The information and experience you gain by working through the customer experience competencies and holding people accountable to customer metrics will condition the organization to redevelop the customer experience for greatest marketplace differentiation.
Managing the corporate patience while developing the competencies required to establish a reliable experience is not easy. But if leadership has the fortitude to move the company through the pragmatic stages of what people will see as endless “getting ready,” the payoff in this stage will be worth it. Because the organization will have accomplished the process work and customer-facing metrics, they’ll understand how to rethink through the customer experience.
When you have established a reliable experience, you’ll find it more natural to create cross-company teams for rebuilding aspects of the experience because cross-company metrics are being used. People will be more sensitized to what customers respond to because of customer listening, the trending of comments and feedback. This will build a more intuitive approach to brainstorming a differentiated experience.
Finally, leaders will have a greater understanding of the importance of letting go of functional execution and will be more willing to inspire people to think “experience,” not operational execution.

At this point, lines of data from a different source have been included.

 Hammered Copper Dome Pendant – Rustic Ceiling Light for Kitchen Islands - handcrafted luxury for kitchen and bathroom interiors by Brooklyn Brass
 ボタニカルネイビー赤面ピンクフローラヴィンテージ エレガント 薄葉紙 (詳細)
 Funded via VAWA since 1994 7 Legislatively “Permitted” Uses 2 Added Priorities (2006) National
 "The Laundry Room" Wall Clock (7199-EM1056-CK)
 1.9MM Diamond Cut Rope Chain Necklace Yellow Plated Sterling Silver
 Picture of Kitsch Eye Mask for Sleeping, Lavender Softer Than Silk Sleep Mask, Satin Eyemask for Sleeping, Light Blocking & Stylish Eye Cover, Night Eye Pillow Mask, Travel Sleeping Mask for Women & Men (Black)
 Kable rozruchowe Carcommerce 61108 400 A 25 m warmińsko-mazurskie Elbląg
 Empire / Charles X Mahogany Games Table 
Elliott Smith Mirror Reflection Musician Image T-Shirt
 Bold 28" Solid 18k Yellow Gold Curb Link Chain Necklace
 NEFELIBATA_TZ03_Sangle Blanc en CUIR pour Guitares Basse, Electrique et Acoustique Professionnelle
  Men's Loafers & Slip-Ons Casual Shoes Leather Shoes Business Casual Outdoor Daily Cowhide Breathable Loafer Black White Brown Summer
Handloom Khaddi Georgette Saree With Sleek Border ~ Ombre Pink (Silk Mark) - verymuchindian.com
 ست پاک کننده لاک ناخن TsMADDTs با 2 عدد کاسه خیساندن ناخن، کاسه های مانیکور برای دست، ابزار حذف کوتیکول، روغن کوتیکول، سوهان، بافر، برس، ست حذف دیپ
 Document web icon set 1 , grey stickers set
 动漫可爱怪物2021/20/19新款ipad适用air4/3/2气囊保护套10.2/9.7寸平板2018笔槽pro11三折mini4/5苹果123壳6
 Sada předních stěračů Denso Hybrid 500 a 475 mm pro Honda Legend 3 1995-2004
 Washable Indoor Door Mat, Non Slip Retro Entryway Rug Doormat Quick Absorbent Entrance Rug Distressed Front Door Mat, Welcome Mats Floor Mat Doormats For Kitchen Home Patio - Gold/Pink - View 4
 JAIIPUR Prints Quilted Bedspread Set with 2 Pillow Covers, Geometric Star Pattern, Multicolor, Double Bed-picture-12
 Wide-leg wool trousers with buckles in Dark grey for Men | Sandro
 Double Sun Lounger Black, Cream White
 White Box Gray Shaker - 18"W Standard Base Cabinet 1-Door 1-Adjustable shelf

1. Customer Experience Reliability – Resolving issues that create irregularity and lack of reliability in your customer experience.
This means:
- Managing the customer as an asset
- Listening to the customer across the silos and channels
- Establishing a collaborative problem resolution process
2. Customer Experience Improvement/Innovation – Creating differentiated experiences at key touchpoints or “moments of truth.”
This means:
- Knowing your customer lifecycle and gaining company-wide commitment
- Identifying key touch points and gaining clarity on co-dependencies and accountability
- Understanding what customers value across the silos and channels
For customer experience work to be successful, collaboration is required. As early as possible, engage the operational leaders and matrix organizations who you will be working with. Consensus needs to be agreed upon regarding how the organization will unite the silos.
- Gain agreement that people are ready to work collaboratively on building the competencies.
- Challenge each other about how realistic it will be to move from silo-based approaches to unified company-wide approaches.
- Decide together how you will step your way into these transitioned approaches.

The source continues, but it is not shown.